Larrosa dice: “El cine mira a la infancia. Y nos enseña a mirarla” (115). La literatura

también lo hace, los textos de Mistral y Yáñez ciertamente lo hacen.

Tal vez la mirada de Yáñez con respecto a la infancia en este texto se manifiesta

todavía en ciernes. Ese hecho da cuenta de que el corpus total de Yáñez falta de ser leído,

incluyendo esas primeras obras que la escritora parece haberse visto obligada a rechazar

por la etiqueta del criollismo. En la actualidad, en que las obras de este movimiento tan

general comienzan a ser releídas desde otras perspectivas, es una oportunidad para retomar

los textos de Yáñez para ver cómo dialogan con el cuestionamiento del estatus de la infancia

y de las mujeres que se construye en Visiones de infancia.

Asimismo, me parece que es necesario ir a los textos ensayísticos de Mistral y

Yáñez para indagar también en ellos. Esta tarea está más adelantada en el caso de la poeta,

por cuanto existen recopilaciones de sus crónicas y recados, pero faltan los estudios críticos

que revisen más detenidamente esos textos, con el fin de determinar las ideas y propuestas

que Mistral tenía en términos políticos, sociales, educativos, por nombrar algunos. En el

caso de Yáñez, el trabajo implica iniciar recién la recopilación de estos trabajos, que fueron
Mayne-Nicholls 280

principalmente publicados en diarios. ¿Sobre qué escribía? ¿Qué estrategias narrativas

usaba? Son solo algunas de las primeras preguntas para hacerse en ese ámbito.

Este interés por centrarse en las crónicas y ensayos de Mistral y Yáñez va dirigido

en la preocupación por conocer qué pensaban las escritoras e intelectuales chilenas y no

solo en términos de acumular sus obras. Pero no basta con ir levantando excepciones, sino

ir sumando las experiencias escriturales de otras mujeres de la época. Las representaciones

de niñas que hacen Mistral y Yáñez son solo dos ejemplos de los imaginarios mujeriles de

la época. En ese sentido, sería interesante ir armando una cartografía de las representaciones

de niñas que se configuraron en la primera mitad del siglo XX en nuestro país, y las que se

han seguido configurando. Esto es lo que permitirá visibilizar los ideales, las formas, los

contornos, las exigencias, las cualidades, los defectos, las fuerzas —solo por nombrar

algunas categorías— con que las mujeres han visto a las niñas en nuestro país.
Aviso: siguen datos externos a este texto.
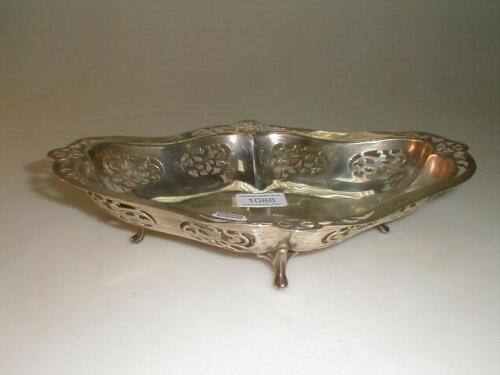 A George V pierced silver bonbon dish by Viners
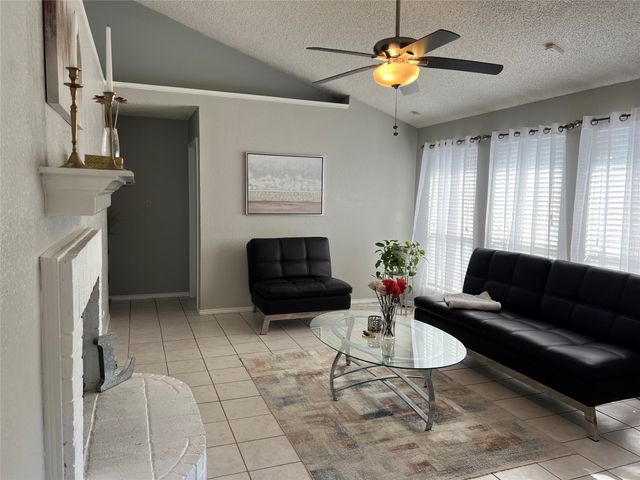 6736 Black Wing Drive, Fort Worth, TX 76137
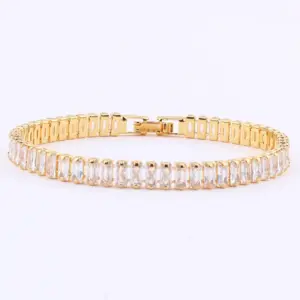 Square Buckle Bracelet White Diamond / 18K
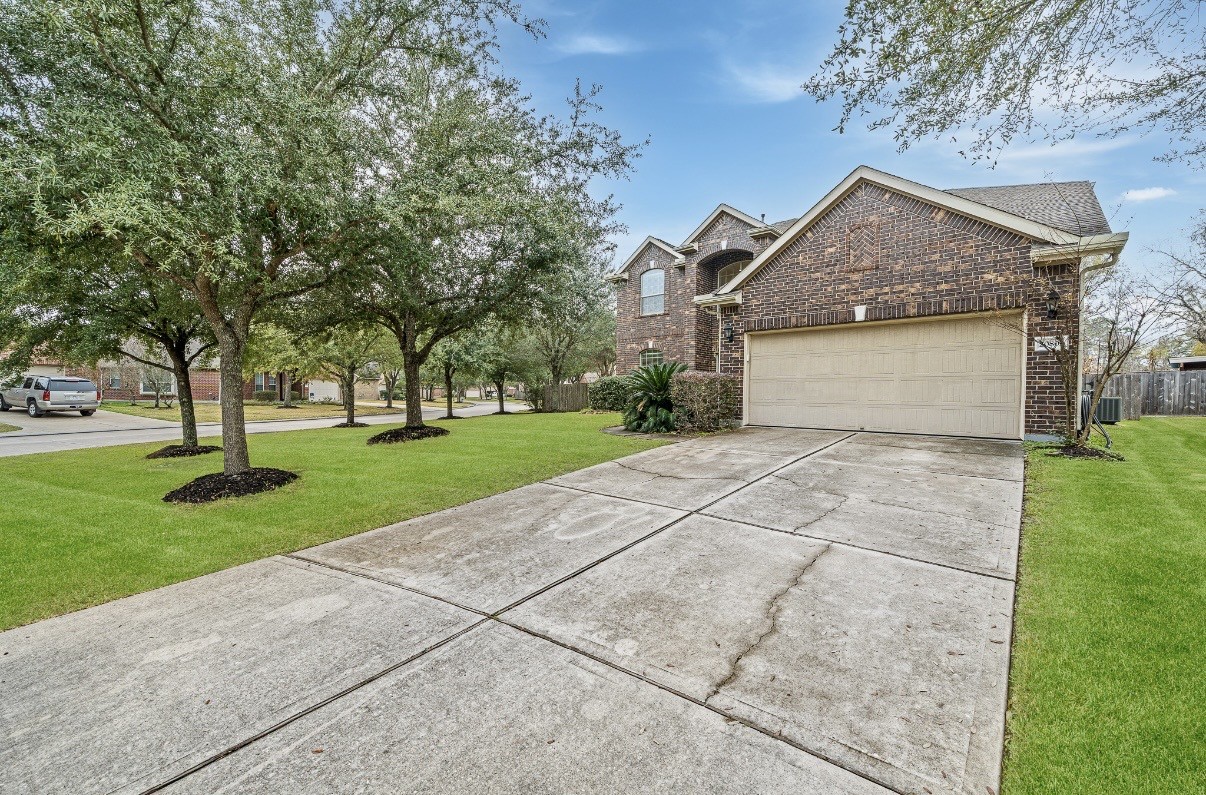 20801 Sheridan Heights Lane Property Photo 2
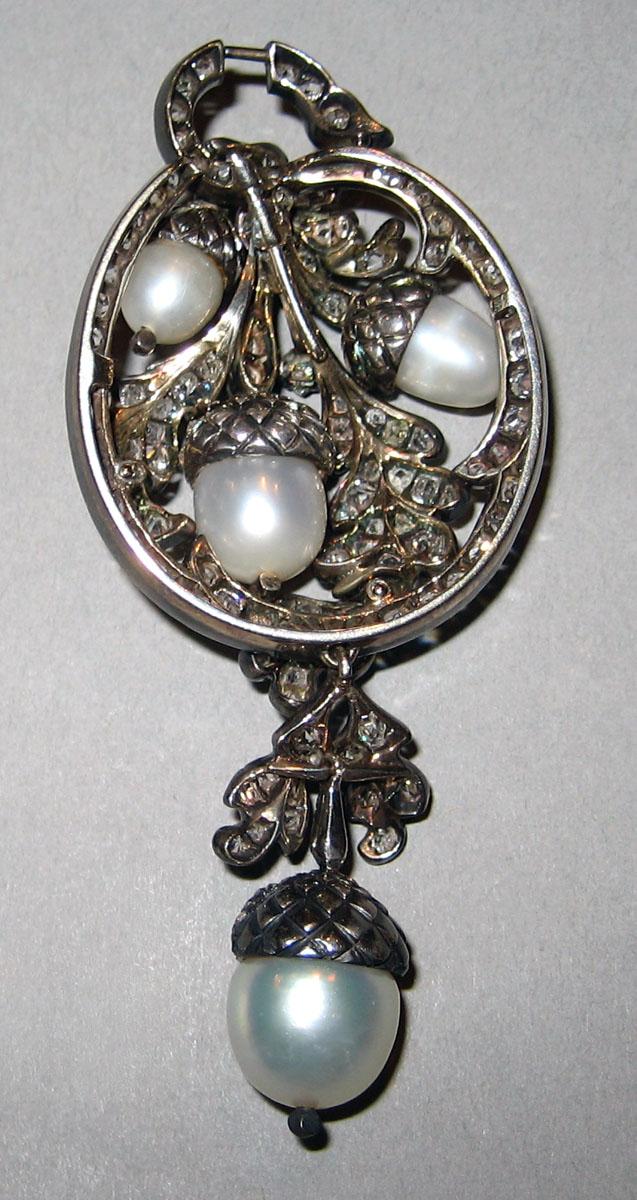1969.0080 Brooch and Pendant underside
Al explicitar estos elementos podremos avanzar en el entendimiento que existe

culturalmente acerca de las niñas en nuestra sociedad, cómo se las ha identificado, qué

límites se les han impuesto; porque me parece que visibilizar la representación de las niñas

que se ha hecho permitirá cuestionarnos las creencias que hay en torno a las niñas y también

las mujeres. En relación con esto, me parece que el enfoque de Gabriela Mistral es clave:

dejar de fijarnos en las características femeninas de las mujeres, y empezar a fijarnos en

sus capacidades y experiencias mujeriles. Es de esta forma que podremos abandonar el

corral. Si hay algo que me ha enseñado Mistral con estas rondas es a inscribir mi propio

trabajo crítico como una forma de ir descubriendo los imaginarios sobre las niñas y, así, ir

formando un cuerpo escritural mujeril en el que me siento orgullosa de estar participando.